Then this morning, IHOP announced a new line of pancakes, which are burgers. Look at this nonsense:

That cavernous, droning sound you hear is our staff's collective groaning. Apparently, since those pancake pizzas didn't spawn an offshoot cottage industry for the brand, and neither did that one weird Tweet that implied pancake insemination, the move is now to sell falsehoods in edible form. As George Orwell once cautioned in 1984, IHOP is now asking us to reject the evidence of our eyes and ears. It is their final, most essential command.

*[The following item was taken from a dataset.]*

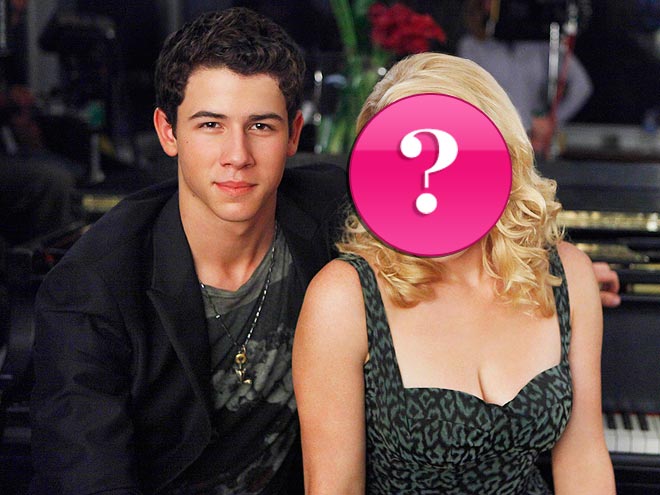 Nick Jonas is reportedly making sweet music with this golden-voiced star:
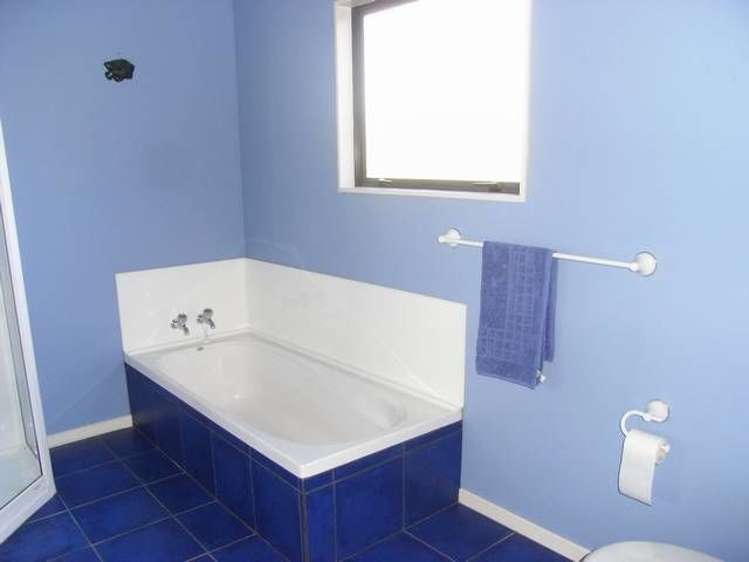 26 Balfour Crescent Castlepoint_13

Also, you'd think that this burgers-as-pancakes situation would mean pancake-based burgers, along the lines of a McGriddle, but only one of the three promo'd burgers even has a pancake on it, and it mostly just serves the function of the middle bun in a Big Mac. This is ridiculous. It's all ridiculous. Why. Why? It's not like IHOP hasn't previously had burgers on its menu, and yet now the burger is an agent of radical disruption? IHOP is gaslighting America, and honestly, it feels like we've done everything to deserve it.

Case in point: A first draft of this article concluded with an expression of remorse for Chandler, who has fewer than 200 followers on Twitter and wound up being dunked on in a commercial by a clout-hungry brand anyway. But then he posted some sponsored content on their behalf. None of this is good. It's hard to pin down exactly why; we just know that it's not.